Importa ressalvar que as start-ups tecnológicas não são “tigres de papel”, cujo valor é simplesmente especulativo. Quem investe nestas empresas está a aplicar o seu dinheiro em conhecimento sofisticado, em ideias disruptivas, em inovação de ponta, em tecnologias patenteadas, em propriedade intelectual, em talento diferenciador… Ora tudo isto tem um valor, embora muitas vezes intangível e difícil de rentabilizar no imediato.

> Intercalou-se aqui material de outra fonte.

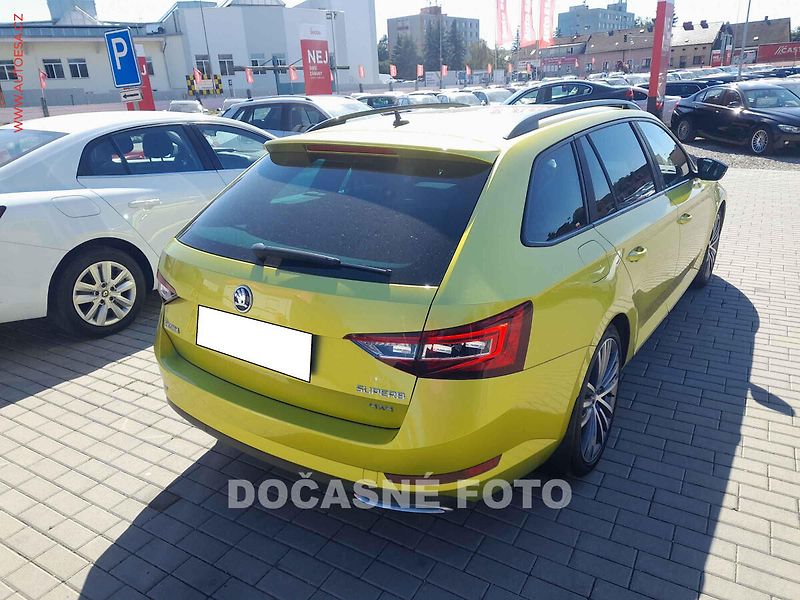 Škoda Superb (2016) 2.0TDi 4x4, ČR, servis.kniha - fotka 2 z 3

Os investidores apostam no médio/longo prazo, conscientes de que, pela sua própria natureza, as start-ups tecnológicas precisam de tempo para valorizar o conhecimento (veja-se, por exemplo, quão morosa é a investigação em biomedicina), para amortizar o capital aplicado (as atividades científicas e de desenvolvimento tecnológico são muito onerosas) e para serem compreendidas pelo mercado (os consumidores tendem a ser conservadores nas suas escolhas).
No nosso país, o investimento em capital de risco em 2023 diminuiu 50% face ao ano anterior, segundo a Startup Portugal. Há, no entanto, a convicção de que se trata de uma situação excecional, provocada pela complexa conjuntura internacional, já aqui referida. Apesar da derrocada da Farfetch, os nossos restantes “unicórnios” parecem financeiramente sólidos e as start-ups portuguesas de elevado potencial não vão deixar de atrair investidores, nomeadamente internacionais.
Contudo, continua a ser preciso definir, em Portugal, um quadro de incentivos que de facto promova o investimento privado em start-ups. Necessitamos também de políticas de atração de talento, centros de competências, capital de risco e parcerias tecnológicas, de forma a reforçar as potencialidades do nosso ecossistema e a dar-lhe maior visibilidade internacional. Por fim, há que criar condições para que os empreendedores portugueses de sucesso reinvistam noutras start-ups o dinheiro que granjearam, fazendo com que o ecossistema se autoregenere.